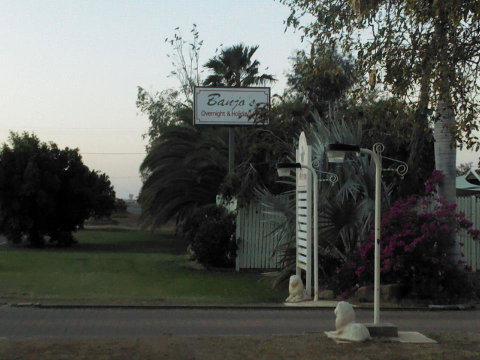 Banjos Overnight And Holiday Units - Accommodation BNB 1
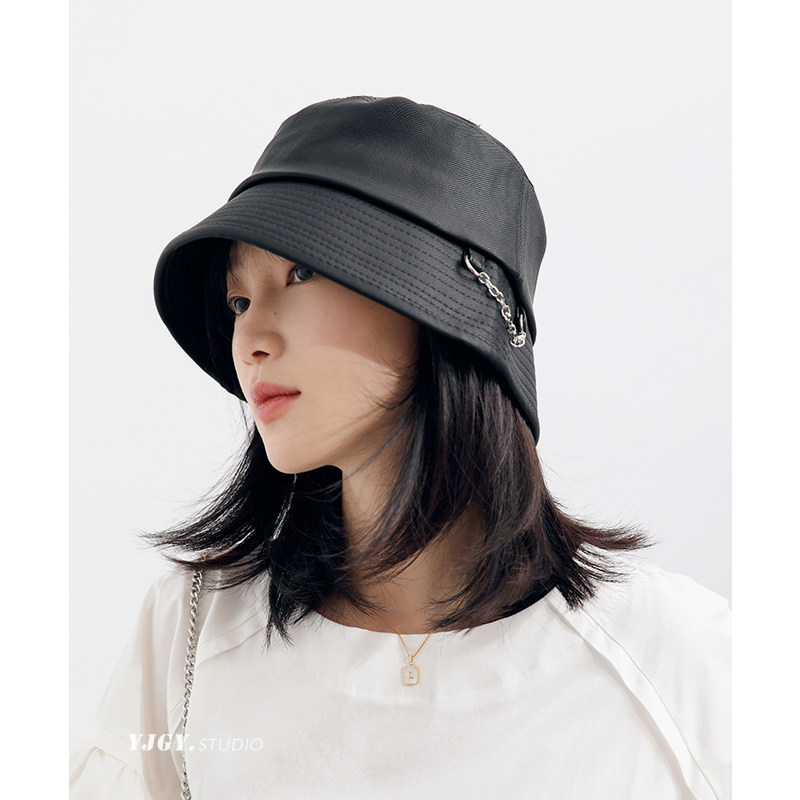 pu皮质链条装饰渔夫帽女韩版百搭小檐盆帽逛街时尚帽子秋冬日系潮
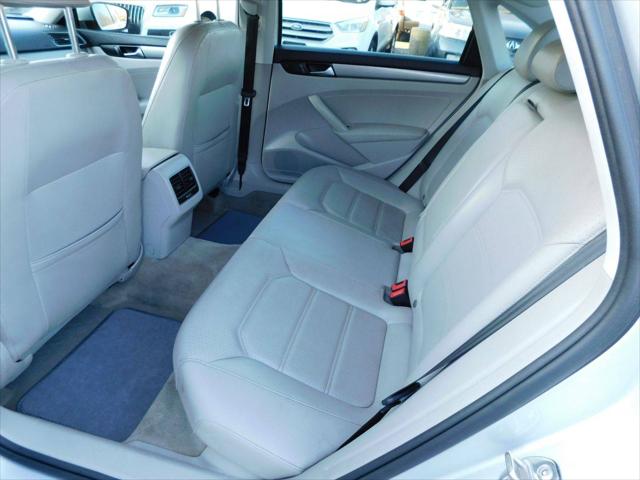 2015 Volkswagen Passat 1.8T SE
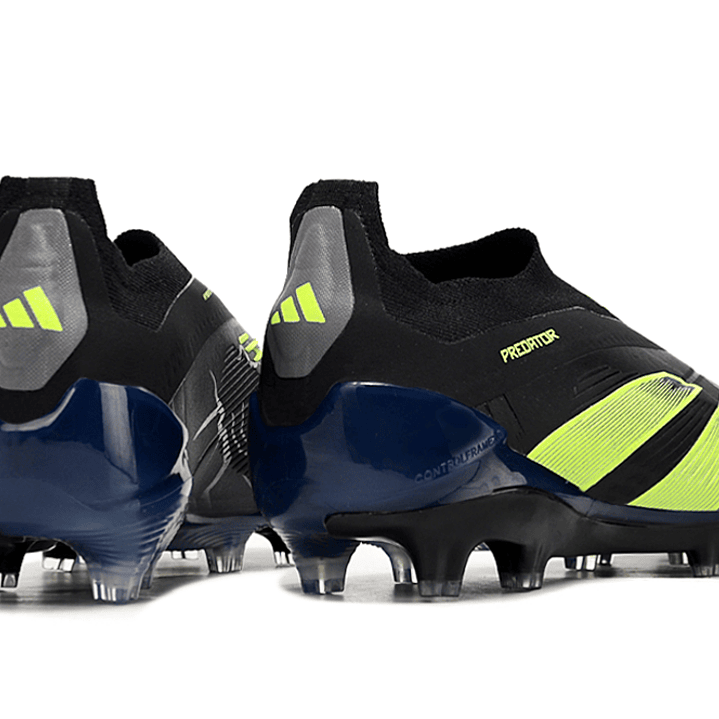 Adidas Predator Elite FG - Preta e Dourada MFC 5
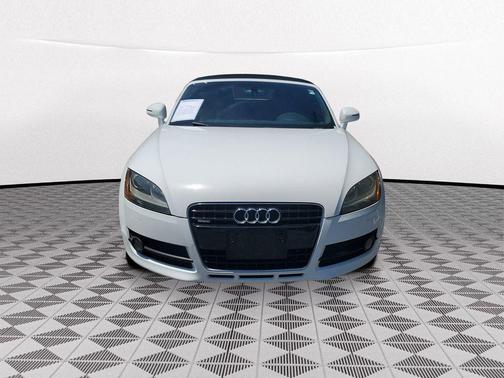 White 2009 Audi TT 3.2 Cabriolet quattro
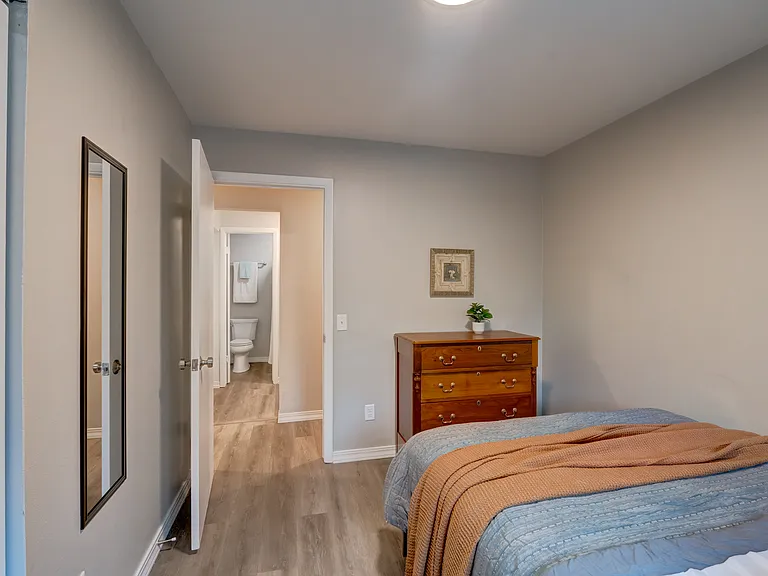 1230 E Dayton St #4 — Photo 6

-=-=-=-=-

Work order:
Using the records above, reproduce exactly the lines from the line containing "Adidas Predator Elite" through the last line, with both ends kept and no pictures.

Task response:
 Adidas Predator Elite FG - Preta e Dourada MFC 5
 White 2009 Audi TT 3.2 Cabriolet quattro
 1230 E Dayton St #4 — Photo 6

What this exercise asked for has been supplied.